The authority stated the defendants acknowledged revenues totaling SR358 million regardless of being conscious of the low chance of gathering these quantities, leading to inaccurate monetary statements masking the fiscal 12 months ending Dec. 31, 2018, by means of the monetary interval ending Sept. 30, 2021.
The CMA stated the manipulated figures affected the corporate’s property, inflated revenues and introduced deceptive monetary data to traders and the market.
These convicted embrace former board and audit committee members Subhi Abduljalil Ibrahim Battrajee, Makarem Subhi Abduljalil Battrajee, Sultan Subhi Abduljalil Battrajee, Khalid Abduljalil Ibrahim Battrajee, Muhammad Abdulrahman Muhammad Mu’menah, Ahmad Muhammad Khalid Abdulrazzaq Aldahlawi, Ali Abdulrahman Abdullah Alquwaiz, Amr Muhammad Khalid Khashoggi, Muhammad Mustafa bin Muhammad Omar bin Siddiq, Walid Abdulaziz Abbas Ahmad Saleh Kayyal and Saleh Ahmad Ali Hafni.
The ruling imposed a SR3.1 million advantageous on Makarem Battrajee.
Fines of SR2.1 million every have been imposed on Subhi Battrajee, Sultan Battrajee, Khalid Battrajee and Muhammad Mu’menah.
Ahmad Aldahlawi was fined SR1.98 million, Ali Alquwaiz SR1.08 million and Amr Khashoggi SR1.6 million.
The three people have been additionally banned from working in entities supervised by the CMA for one 12 months.

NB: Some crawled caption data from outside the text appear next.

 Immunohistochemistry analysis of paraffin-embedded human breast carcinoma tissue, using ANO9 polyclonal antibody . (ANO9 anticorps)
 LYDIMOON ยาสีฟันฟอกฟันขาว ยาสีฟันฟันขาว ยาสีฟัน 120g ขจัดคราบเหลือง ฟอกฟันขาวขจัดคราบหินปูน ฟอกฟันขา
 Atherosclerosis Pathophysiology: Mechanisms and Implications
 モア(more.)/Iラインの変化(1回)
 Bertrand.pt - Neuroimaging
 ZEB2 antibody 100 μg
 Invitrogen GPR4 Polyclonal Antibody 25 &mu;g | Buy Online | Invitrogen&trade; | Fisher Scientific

Extra fines included SR500,000 towards Muhammad bin Siddiq, SR580,000 towards Walid Kayyal and SR680,000 towards Saleh Hafni, alongside six-month bans from working in CMA-regulated entities.
The CMA stated the ultimate ruling adopted coordination with related authorities and a public legal lawsuit filed by the Public Prosecution after the case was referred by the authority in March 2024.
The regulator harassed that defending investor confidence stays important for the expansion and stability of Saudi Arabia’s capital market and reaffirmed its dedication to combating fraud, manipulation and deceptive practices.
The Normal Secretariat of the Committees for Decision of Securities Disputes additionally stated affected traders are entitled to file compensation claims individually or collectively after first submitting complaints to the CMA.